Mungkin, pada akhirnya, ini yang harus kuterima: bahwa aku akan selalu menjadi kontradiksi berjalan—egois namun merindukan koneksi, mencintai drama namun juga kedamaian, takut kehilangan diri namun juga takut tidak pernah benar-benar ditemukan. Dan mungkin, paradoks ini bukanlah cacat, tapi justru inti dari apa artinya menjadi manusia.

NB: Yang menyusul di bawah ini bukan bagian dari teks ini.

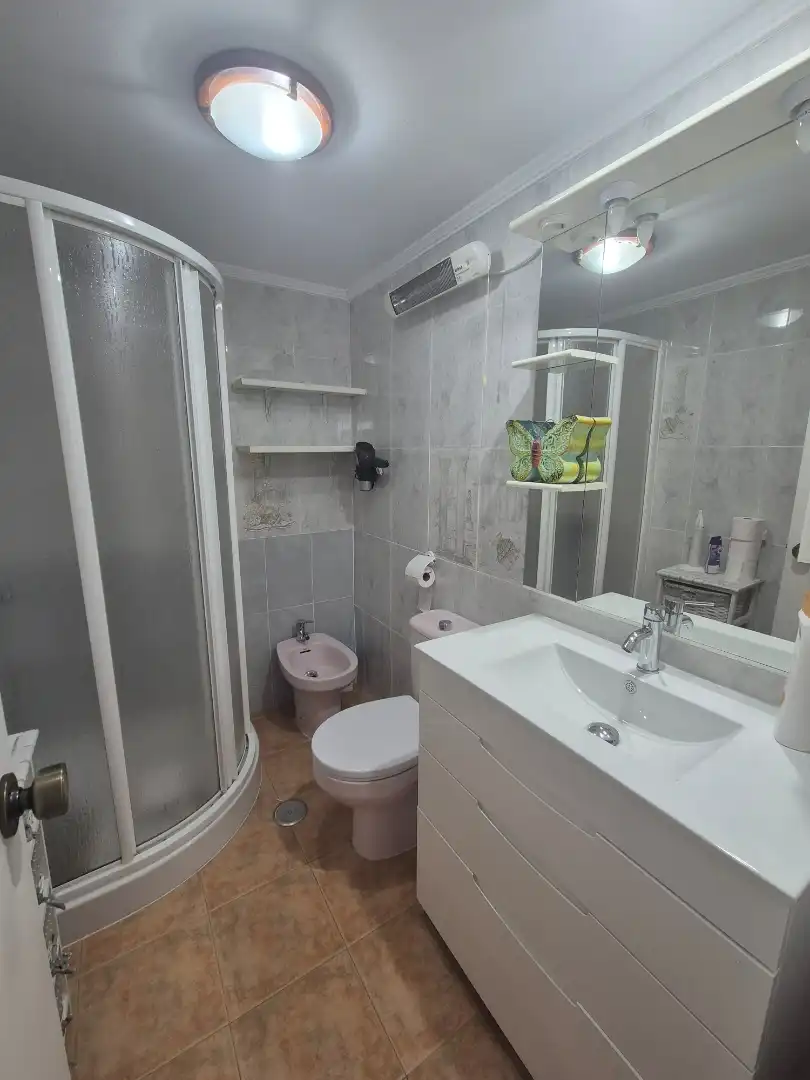 Flat for sale in Urbanizacion Mariana Pineda, 3, Algeciras Bathroom of Flat for sale in Algeciras with Air Conditioner and Balcony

Seperti yang dikatakan Walt Whitman: “Apakah aku berkontradiksi? Baiklah, aku berkontradiksi. Aku luas, aku mengandung banyak hal.” Mungkin, dalam penerimaan akan luasnya dan kompleksitas diri inilah, aku akhirnya bisa menemukan ruang untuk mencintai tidak hanya dramanya, tapi juga orangnya—tidak hanya refleksi egoku, tapi juga manusia utuh yang berdiri di hadapanku.
Inilah perjalananku yang belum selesai—dari kelaparan pengakuan menuju kemampuan untuk mengakui orang lain, dari mencintai drama menuju mencintai dengan autentisitas, dari takut kehilangan diri menuju keberanian untuk menemukan versi diriku yang lebih luas dan dalam melalui cinta.